Should be solved since actions/runner@v2.285.1 (release)

I can confirm, that it is resolved with the new runner version 🙂

I’ve tried to downgrade to summerwind/actions-runner:v2.284.0-ubuntu-20.04, but it doesn’t work. Is there a workaround for this issue?

Yeah, unfortunately the runners self-update. I’m running a very hacky loop on my local machine to keep pipelines running for myself - fortunately, I’m the one triggering most of these pipelines so it’s only me inconvenienced.

while true; do
  for pod in $(k get po -n github-actions-runner -l runner-deployment-name=assureddt -o jsonpath='{.items[*].metadata.name}'); do
    k exec -it -n github-actions-runner ${pod} -c runner -- rm -r /opt/hostedtoolcache/buildx/
  done
  sleep 60
done

It’s dirty and I’m not proud of it, but it is working.

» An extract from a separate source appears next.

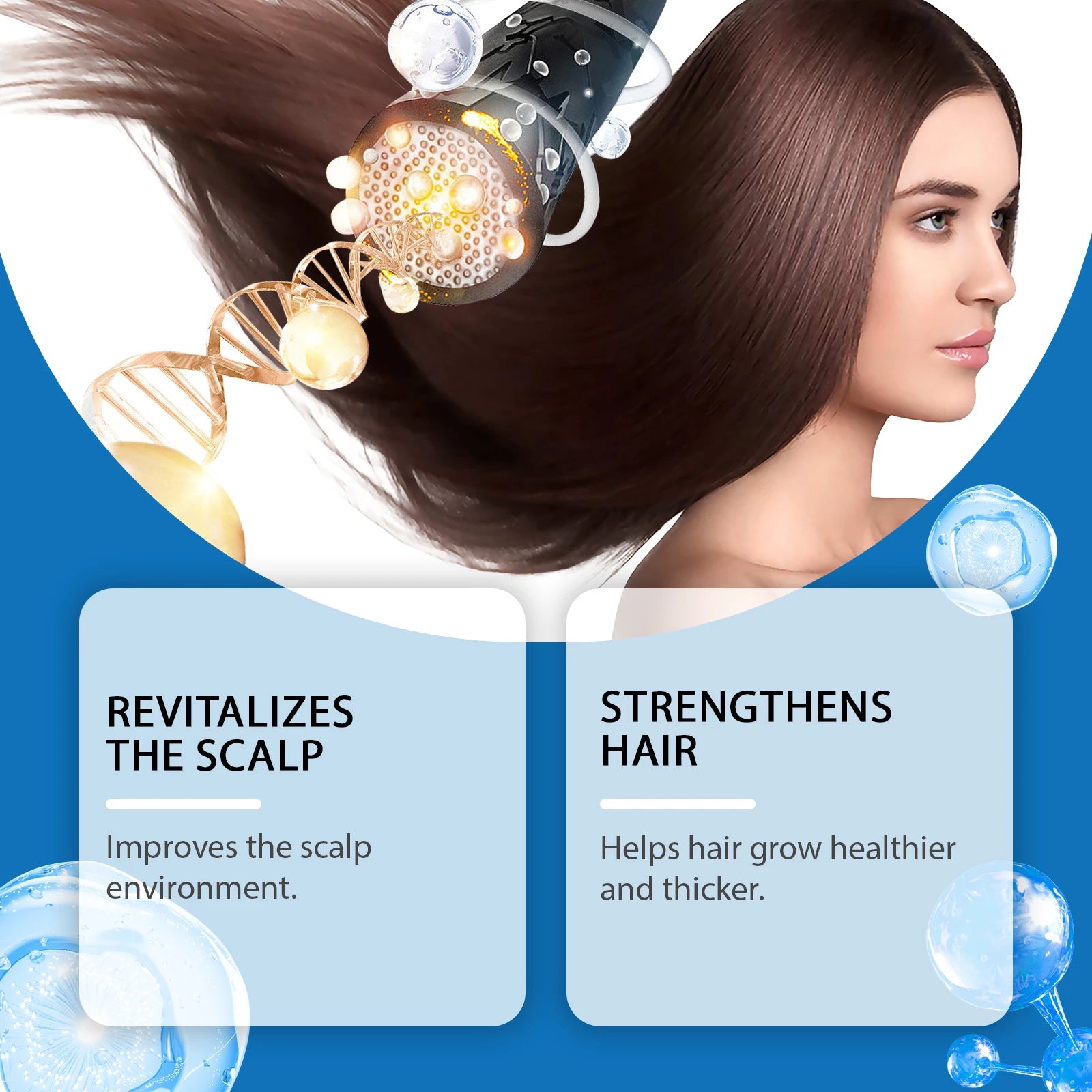 25ml Rosemary Hair Growth Roller Essence Reduce Hair Breakage Bifurcate Increase Hair Density Nourish Strengthen Toughen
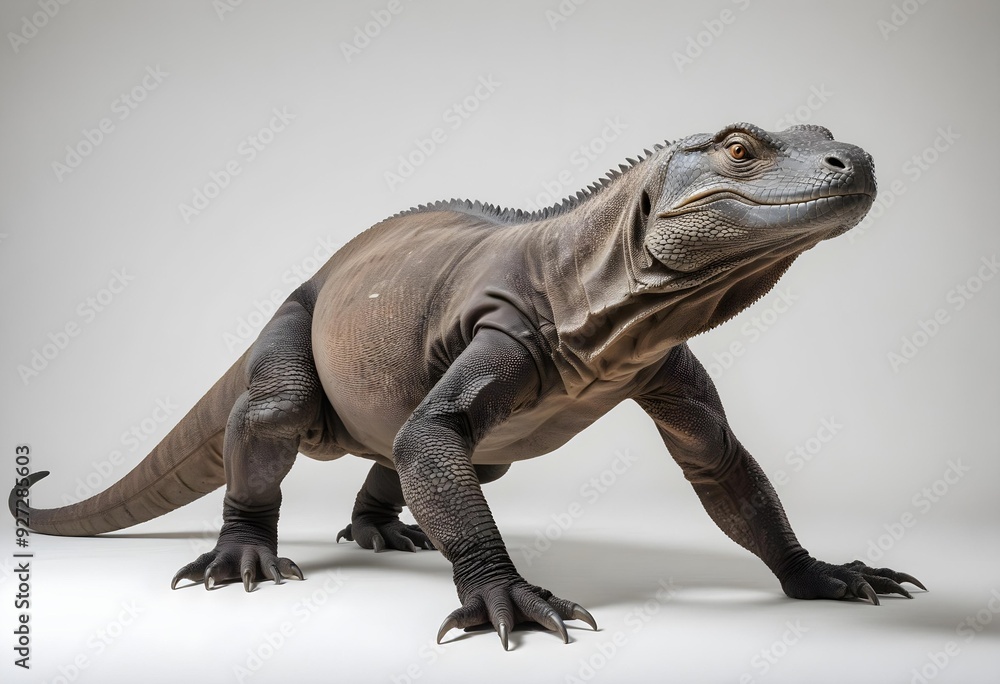 Obraz premium Komodo dragon Varanus komodoensis Komodo monitor, large reptile of the monitor lizard family Varanidae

Looks like this is an issue since node v12.19.0 image

v12.18.4 works fine… image

base on https://nodejs.org/uk/blog/release/v12.19.0/ the highly suspicious change is deps: upgrade to libuv 1.39.0 (Colin Ihrig) #34915

which lines up with people discussed in https://github.com/nodejs/node/issues/40200

Github is slowly rolling out updates to their runners so it took many tries to get a run on an upgraded self-hosted runner…

Here are the logs:

CleanShot 2021-12-02 at 13 05 35@2x

There are no further logs. It’s just stuck at that spot

Update:

CleanShot 2021-12-02 at 13 18 10@2x

Would it be possible to add more logging for each of the steps? That might help future debugging

Yet another “same here”. Self-hosted k8s runners on a private repo stuck forever at the buildx step.

We’re seeing the same error on self-hosted runners. Version auto-changed overnight and now the job is timing out on the uses: docker/setup-buildx-action@v1.5.0 step:

  WARNING: Plugin "/home/runner/.docker/cli-plugins/docker-buildx" is not valid: failed to fetch metadata: fork/exec /home/runner/.docker/cli-plugins/docker-buildx: permission denied
  WARNING: No swap limit support
Download and install buildx
  Error: The operation was canceled.

@dresselm

Another interesting thing I discovered is that this action runs runs using v12 but the latest GitHub runner (v2.285.0) shipped with v16 support as well.

Interesting indeed, are you on GHE?